2)      Partai Demokrasi Indonesia (PDI), merupakan fusi dari PNI, Partai Katolik, PartaiMurba, IPKI, dan Parkindo (kelompok partai politik yang bersifat nasionalis).
3)      Golongan karya (golkar)
C. Pemilihan Umum  Selama masa Orde Baru
Pemilihan umum pada masa orde baru diadakan setiap lima tahun sekali dan telah dilaksanakan sebanyak enamkali. Tujuan pemilu tersebut untuk memilih anggota MPR, DPR, DPRD 1 dan 11. Keanggotaan MPR, yaitu seluruh anggota DPR, utusan daerah dan golongan. Setiap lima tahun sekali MPR mengadakan sidang umum.  MPR berwenang memilih dan mengangkat presiden dan wakil presiden. Presiden dan kabinetnya berkewajiban menjalankan tugasnya sesuai dengan UUD 1945 melaksanakan GBHN, mempertanggungjawabkan tugasnya tersebut pada akhir masa jabatannya. DPR bertugas mengawasi jalannya pemerintahan/tugas presiden. Mekanisme tugas dan kerja lembaga negara lain menyesuikan UUD 1945 dan UU yang mengaturnya.

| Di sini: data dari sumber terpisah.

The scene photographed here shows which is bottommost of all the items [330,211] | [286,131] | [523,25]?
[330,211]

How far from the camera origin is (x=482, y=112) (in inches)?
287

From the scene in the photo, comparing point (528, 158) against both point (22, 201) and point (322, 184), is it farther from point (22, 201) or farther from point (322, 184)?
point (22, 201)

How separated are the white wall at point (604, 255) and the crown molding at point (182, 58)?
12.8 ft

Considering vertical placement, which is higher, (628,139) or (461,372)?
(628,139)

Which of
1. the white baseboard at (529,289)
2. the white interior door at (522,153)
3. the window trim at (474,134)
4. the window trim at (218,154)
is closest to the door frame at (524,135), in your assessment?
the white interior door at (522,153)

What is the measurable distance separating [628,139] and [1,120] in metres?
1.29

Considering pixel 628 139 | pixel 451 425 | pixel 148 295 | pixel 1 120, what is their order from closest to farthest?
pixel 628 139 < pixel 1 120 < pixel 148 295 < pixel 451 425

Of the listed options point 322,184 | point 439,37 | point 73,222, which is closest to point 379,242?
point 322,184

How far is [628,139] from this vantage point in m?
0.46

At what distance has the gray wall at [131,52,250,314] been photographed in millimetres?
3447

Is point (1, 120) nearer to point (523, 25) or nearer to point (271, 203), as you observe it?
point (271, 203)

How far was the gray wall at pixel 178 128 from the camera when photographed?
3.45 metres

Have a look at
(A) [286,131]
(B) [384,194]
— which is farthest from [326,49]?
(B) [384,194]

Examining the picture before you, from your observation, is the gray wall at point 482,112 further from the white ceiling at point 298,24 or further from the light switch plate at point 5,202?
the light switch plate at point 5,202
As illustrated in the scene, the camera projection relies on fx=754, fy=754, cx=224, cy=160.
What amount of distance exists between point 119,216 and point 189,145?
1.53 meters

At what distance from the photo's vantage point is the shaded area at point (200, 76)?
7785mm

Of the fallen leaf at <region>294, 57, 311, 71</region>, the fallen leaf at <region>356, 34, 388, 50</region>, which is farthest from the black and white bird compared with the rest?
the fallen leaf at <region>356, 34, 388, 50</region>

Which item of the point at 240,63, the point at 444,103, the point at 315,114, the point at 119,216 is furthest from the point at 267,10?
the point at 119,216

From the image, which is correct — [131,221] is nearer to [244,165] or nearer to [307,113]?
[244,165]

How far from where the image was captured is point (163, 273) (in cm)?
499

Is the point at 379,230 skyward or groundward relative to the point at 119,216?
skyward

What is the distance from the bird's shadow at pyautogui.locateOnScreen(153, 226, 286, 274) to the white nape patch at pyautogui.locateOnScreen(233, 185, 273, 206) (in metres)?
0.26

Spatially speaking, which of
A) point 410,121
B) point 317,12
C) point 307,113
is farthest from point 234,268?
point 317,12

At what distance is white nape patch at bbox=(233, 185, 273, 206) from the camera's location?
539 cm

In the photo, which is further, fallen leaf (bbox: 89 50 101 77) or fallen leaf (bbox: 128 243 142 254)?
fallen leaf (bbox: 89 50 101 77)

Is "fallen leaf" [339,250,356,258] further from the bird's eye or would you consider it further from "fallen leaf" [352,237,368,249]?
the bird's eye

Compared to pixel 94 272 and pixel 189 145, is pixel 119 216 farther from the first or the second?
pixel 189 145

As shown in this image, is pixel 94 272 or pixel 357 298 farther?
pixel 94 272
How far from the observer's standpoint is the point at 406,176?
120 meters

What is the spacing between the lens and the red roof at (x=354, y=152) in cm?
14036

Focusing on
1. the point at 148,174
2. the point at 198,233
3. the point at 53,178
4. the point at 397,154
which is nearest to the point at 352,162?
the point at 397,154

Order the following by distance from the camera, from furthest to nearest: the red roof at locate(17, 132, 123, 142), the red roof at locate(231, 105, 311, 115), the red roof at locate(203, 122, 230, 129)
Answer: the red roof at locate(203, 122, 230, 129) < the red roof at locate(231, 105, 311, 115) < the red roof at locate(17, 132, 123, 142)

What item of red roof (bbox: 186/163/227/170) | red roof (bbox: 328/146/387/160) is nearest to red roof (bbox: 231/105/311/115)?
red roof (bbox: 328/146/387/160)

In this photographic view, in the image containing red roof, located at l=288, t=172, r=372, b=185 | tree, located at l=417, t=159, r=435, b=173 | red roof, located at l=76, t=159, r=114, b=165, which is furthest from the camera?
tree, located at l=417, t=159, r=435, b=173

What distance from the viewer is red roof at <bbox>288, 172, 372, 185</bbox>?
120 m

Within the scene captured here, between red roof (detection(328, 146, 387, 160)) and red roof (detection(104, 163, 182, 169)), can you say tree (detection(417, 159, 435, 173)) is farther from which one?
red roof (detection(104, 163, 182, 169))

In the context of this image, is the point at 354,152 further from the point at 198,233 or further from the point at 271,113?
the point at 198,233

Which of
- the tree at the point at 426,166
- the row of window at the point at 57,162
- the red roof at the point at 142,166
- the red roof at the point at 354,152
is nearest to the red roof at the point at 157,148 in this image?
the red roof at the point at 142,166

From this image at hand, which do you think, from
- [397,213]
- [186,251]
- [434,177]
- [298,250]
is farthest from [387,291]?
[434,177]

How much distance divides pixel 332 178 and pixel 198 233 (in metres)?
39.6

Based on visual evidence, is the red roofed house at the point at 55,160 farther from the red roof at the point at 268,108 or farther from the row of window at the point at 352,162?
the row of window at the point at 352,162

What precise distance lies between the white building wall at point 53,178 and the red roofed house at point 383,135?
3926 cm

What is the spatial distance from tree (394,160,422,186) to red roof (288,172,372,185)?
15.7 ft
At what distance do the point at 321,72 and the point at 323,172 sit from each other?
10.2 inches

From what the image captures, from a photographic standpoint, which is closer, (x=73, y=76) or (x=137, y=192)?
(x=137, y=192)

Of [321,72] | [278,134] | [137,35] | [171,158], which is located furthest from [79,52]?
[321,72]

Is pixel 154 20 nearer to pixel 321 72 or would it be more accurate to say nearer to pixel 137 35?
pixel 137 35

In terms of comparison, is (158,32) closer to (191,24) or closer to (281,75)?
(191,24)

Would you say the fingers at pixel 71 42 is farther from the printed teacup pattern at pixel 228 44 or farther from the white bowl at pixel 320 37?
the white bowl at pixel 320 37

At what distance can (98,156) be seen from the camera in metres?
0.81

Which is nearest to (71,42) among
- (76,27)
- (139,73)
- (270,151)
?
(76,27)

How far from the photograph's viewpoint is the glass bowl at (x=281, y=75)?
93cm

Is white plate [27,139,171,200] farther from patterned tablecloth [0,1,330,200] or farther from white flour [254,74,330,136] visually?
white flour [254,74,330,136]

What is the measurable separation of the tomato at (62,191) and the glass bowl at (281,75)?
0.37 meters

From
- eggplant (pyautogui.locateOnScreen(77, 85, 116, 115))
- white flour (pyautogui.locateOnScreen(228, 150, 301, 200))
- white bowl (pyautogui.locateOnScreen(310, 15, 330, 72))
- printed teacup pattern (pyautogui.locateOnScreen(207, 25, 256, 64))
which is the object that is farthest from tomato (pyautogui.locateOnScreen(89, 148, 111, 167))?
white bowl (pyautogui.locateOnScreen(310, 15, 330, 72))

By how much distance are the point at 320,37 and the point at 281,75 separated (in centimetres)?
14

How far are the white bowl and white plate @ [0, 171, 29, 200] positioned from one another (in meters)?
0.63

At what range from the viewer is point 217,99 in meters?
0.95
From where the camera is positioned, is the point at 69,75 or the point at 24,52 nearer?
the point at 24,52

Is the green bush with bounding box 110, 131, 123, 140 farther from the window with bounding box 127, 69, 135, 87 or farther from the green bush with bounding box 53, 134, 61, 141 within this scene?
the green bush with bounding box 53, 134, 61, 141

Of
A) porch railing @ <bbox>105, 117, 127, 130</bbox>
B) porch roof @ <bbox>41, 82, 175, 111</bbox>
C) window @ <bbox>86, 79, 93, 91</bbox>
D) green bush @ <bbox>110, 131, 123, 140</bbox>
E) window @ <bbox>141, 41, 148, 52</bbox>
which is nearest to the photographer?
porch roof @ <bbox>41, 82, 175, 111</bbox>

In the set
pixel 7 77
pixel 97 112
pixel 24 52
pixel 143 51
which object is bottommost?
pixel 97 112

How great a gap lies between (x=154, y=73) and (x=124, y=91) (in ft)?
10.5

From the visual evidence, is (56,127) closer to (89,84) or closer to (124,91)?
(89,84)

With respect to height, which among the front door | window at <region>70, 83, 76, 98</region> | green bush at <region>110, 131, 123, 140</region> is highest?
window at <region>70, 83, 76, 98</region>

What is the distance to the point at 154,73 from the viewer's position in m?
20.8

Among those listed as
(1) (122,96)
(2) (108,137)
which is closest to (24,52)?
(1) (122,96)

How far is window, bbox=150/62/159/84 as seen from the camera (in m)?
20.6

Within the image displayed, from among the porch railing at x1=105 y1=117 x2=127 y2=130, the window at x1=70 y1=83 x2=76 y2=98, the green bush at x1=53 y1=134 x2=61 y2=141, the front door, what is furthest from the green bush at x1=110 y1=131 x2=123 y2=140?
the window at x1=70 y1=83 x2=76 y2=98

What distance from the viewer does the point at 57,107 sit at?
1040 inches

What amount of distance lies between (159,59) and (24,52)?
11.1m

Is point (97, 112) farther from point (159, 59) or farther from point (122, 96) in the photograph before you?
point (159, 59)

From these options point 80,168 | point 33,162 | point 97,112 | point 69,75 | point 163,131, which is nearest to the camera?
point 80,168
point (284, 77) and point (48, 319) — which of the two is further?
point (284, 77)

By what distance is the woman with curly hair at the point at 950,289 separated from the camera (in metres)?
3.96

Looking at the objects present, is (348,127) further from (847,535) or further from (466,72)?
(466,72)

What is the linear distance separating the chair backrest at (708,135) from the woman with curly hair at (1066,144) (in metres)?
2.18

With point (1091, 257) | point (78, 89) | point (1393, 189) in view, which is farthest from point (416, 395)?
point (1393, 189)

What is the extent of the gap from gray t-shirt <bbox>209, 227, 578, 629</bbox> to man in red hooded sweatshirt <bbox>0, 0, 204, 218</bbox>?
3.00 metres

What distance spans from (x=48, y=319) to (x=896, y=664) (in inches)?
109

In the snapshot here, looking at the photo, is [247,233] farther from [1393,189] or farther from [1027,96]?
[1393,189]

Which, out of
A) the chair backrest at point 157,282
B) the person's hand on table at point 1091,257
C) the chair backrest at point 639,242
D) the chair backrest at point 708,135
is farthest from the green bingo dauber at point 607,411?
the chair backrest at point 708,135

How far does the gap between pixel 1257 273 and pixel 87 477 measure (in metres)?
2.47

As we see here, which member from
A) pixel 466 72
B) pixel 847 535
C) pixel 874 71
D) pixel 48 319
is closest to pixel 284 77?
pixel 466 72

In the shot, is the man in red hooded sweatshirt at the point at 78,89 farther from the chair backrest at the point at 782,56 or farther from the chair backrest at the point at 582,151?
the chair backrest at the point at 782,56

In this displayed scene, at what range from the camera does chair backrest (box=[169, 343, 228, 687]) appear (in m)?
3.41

Pada masa orde baru kehidupan politiknya diatur dalam UU berikut ini.
1.    UU No.1 Tahun 1985 tentang pemilihan umum.
2.    UU No.2 Tahun 1985 tentang susunan dan kedudukan MPR dan DPR.
3.    UU No.3 Tahun 1985 tentang partai politik dan golongan karya.
4.    UU No.4 Tahun 1985 tentang preferendum.
5.    UU No.5 Tahun 1985 tentang organisasi kemasyarakatan (Ormas).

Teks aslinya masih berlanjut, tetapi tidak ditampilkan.